For reference: The two cases were in school districts where they wanted to encourage a breaking up of the pre-existing housing segregation, which of course has been in no small part a result of discriminatory practices dating back to the GI Bill and white flight, and before than even, Jim Crow and forced and legal segregation. Their goal was to make sure every school had some portion of white & minority students, and not a ridiculous skew that didn't reflect overall city demographics one way or the other. Actually, Dellinger (a Duke University Law Professor) summed it up this way:
The idea that the principle of Brown condemns the valiant efforts of, say, the Louisville community to maintain schools attended by both black and white students seems profoundly wrong to me. The Louisville school system (I keep using Louisville, because I know that case better) takes account of the race of students to keep each school integrated. They don't try to replicate the one-third-black percentage of the district as a whole in each school, but they do take race into account where that figure would otherwise fall below 15 percent or above 50 percent. Good people, black and white, in Louisville have refused to give up on the public schools. They know that sharp imbalances in the race of a school population leads to "white flight' from the schools and that using race to keep schools integrated is essential to the viability of public schools.So. Yes.
Of course, they could have a system in which each school almost always reflects the racial proportions of the district's overall population simply by assigning all students by lottery. Each school would usually wind up about one-third black. No system would do that because assignment by lottery would impose enormous costs on families in transportation and deprive them of the great advantages of neighborhood schools. But, as I argued in my last posting, using neighborhood as the sole mechanism for school assignment means that the schools will replicate the housing segregation that defines Louisville as it does many of our metropolitan areas. The carefully planned Louisville system combines neighborhood schools with parental choice and some use of race to ensure an integrated experience and a viable public school system.
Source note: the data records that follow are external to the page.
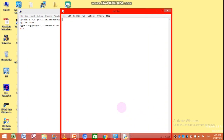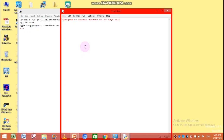Now you can see the script mode is open here, and I can make a new fresh program. First of all, give the program topic. The program is to convert the entered number of days into months. You know why this hash is placed here — to make this line a comment so that the compiler avoids it during converting the programming code into binary code. This is just for information; the actual program starts from here.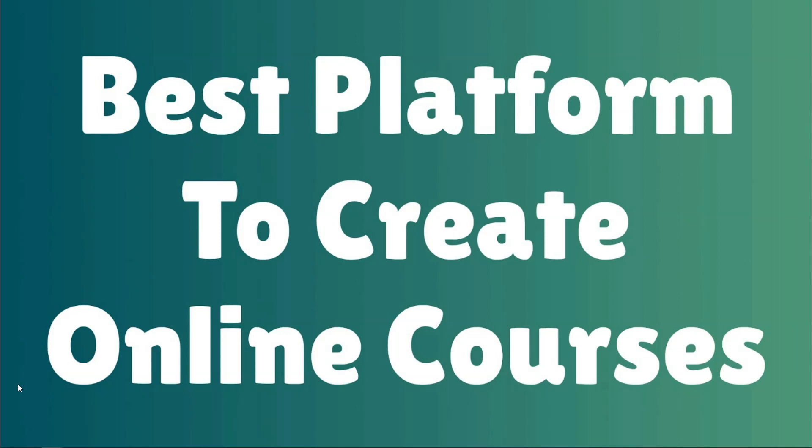Hey, it's Tom from WPWithTom.com and in this video, I'm going to be going over the best online course platform. In particular, I'm going to be covering the best platform to create online courses as an instructor. So if this is interesting to you, let's dive in.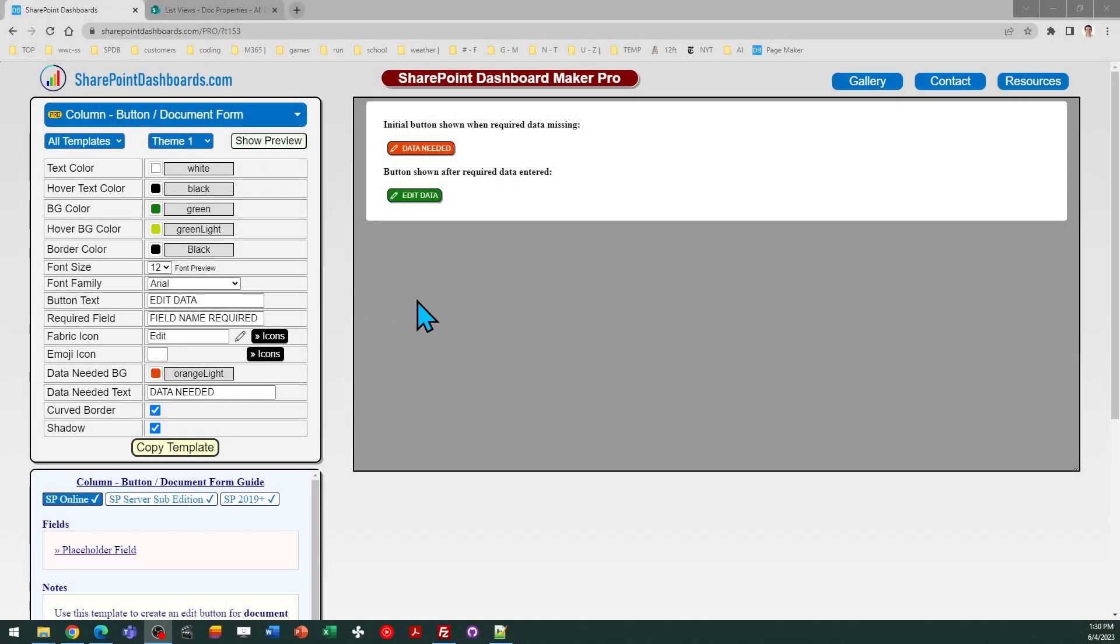This is the Document Form Properties Edit button at SharePointDashboards.com. This button is similar to the Edit button used for SharePoint lists and will help guide users that need to fill in required data.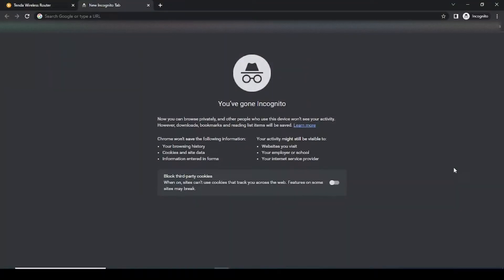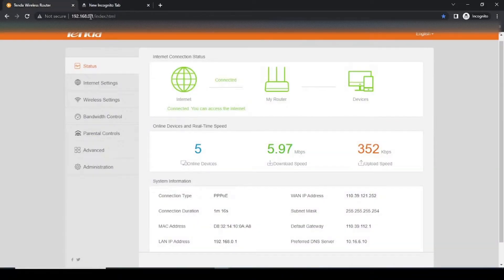Hello friends, welcome once again to the channel Tactic Easy. Today we will see how you can change the Wi-Fi name and Wi-Fi password for your Tender Wi-Fi router. So first of all, we will open Google Chrome.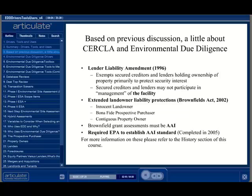Bona fide prospective purchasers are protected under the Act if AAI has been conducted prior to purchase and no evidence of environmental impact has been identified. The adjacent property owner is protected from liability for conditions arising out of a neighbor's activities if it is demonstrated that the impacts on the contiguous property were not generated from the subject property's activities. These categories were somewhat defined under CERCLA, but the Brownfields Act provided further clarification.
Dellinger & Slate's Dahlia Lithwick have been conducting a dialogue on the SCOTUS' recent decisions (linked to throughout my post). They've added a conservative member to bring a new view, whose response is titled: Don't Despair -- There's a Better Way to Achieve Integration. I'm deathly afraid of reading this. Though, there's some slight possibility he's going to suggest higher education for all, universal improvement in housing and human services, cleaning up the pollution that disproportionately affects minorities and poor whites, and general redistributional justice. And perhaps he'll also bring me a dollar with compound interest for my wisdom teeth from 5 years back or so, and take us all to a magical gumdrop land full of chocolate rivers and strawberry fields.